The fleet admiral grunted, telekinetically dragging an armchair over to his desk with a sweep of his arm. "Academy was a long time ago, Harlaown. You can stop calling me that now."

Her eyes sparkled as she sat down. "'Professor', or 'polite'?"

"... Yes. So what brings you here?"

She held up a detached epaulette, bearing the exact same rank symbols as the ones on his own uniform.

"Oh, bloody hell," Thundra growled. "Tell me that's not what I think it is."

Lindy – or, more accurately, Fleet Admiral Harlaown – sighed. "I'm afraid so. Rejoice, professor, for Operation Guardian has a new joint commander. I managed to get myself negotiated down to an advisory role, but... well, you see how it is."

"I do indeed. So how did I end up screwing up badly enough to need my hand being held? I thought the shitstorm from the invasion had passed over by now." His tone was light and ironic, but didn't quite manage to disguise the hurt and outrage he felt. This is my command, damn it.

She leaned back to give him space, her expression full of gentle understanding, and he reflected, not for the first time, on what an extraordinarily lucky man the late Clyde Harlaown had been. "You'd think that, wouldn't you? Turns out that it just keeps hitting us from different directions. Put simply, you're a political liability."

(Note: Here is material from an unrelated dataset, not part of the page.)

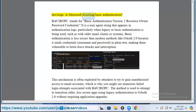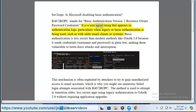BAP2ROPC stands for Basic Authentication Version 2 Resource Owner Password Credential. It is a user agent string that appears in authentication logs, particularly when legacy or basic authentication is being used, such as with older email clients or systems.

"Really?" Thundra perked up, wiping an imaginary tear from his cheek. "My word. It's... it's everything I dreamed of and more. And how did I finally achieve this... exalted status?"

Lindy emitted a decidedly unladylike snort. "Curiously enough, the government seems to believe that you harbour some rather conservative attitudes."

"Oh? On what grounds?"

"The drunken rant you made against the Chief Administrator at last year's Naval Dinner. Your repeated, disparaging remarks against our various ethnic minorities, in particular, Mid-Childa's small Earthborn population. Your commentary on the Varduk Prime cleanup operation entitled 'Why I'm Voting for the National Conservative Party'. I doubt that the fact that you shot at a promising young Member of Parliament with an exploding crossbow bolt will win you many friends on that side of the aisle, either."

"But I waited until he was out of range!" Thundra protested weakly, before immediately shutting up as the younger fleet admiral fixed him with a look usually reserved for when one's young toddler had smeared something sticky and unpleasant all over the ceiling.

"That's why Fleetwood came to see you," Lindy continued. "The NCP has been recasting you as a champion for their cause. You can see it already, can't you? A noble old warrior, unafraid to speak his mind, defending the Bureau's traditions against the alien menace threatening us all. Bloodhaven's set to be a propaganda coup for them, and the Progressives want to mitigate it as best they can. That means either getting you on their side, or bringing in someone more sympathetic to them so they can get to share the acclaim."

He swore. "And this is why I don't read the news any more. So what's in it for you? I mean, I'd like to believe that you volunteered for the pleasure of my sparkling conversation, but..."

"Sadly, you're right. The NCP may be going up in the world, but they still haven't fully recovered from picking the wrong side when the Scaglietti Incident went public, and they need all the allies they can get. They've been making promises to everyone with a grudge against the Progressives and the current administration – the Belkan Independence Front, the Family Council... and the Humanist League."

Thundra's bushy eyebrows rose. That was the closest thing he'd ever heard to pure vitriol from her, even counting the business with the overly handsy maths teacher in the third year.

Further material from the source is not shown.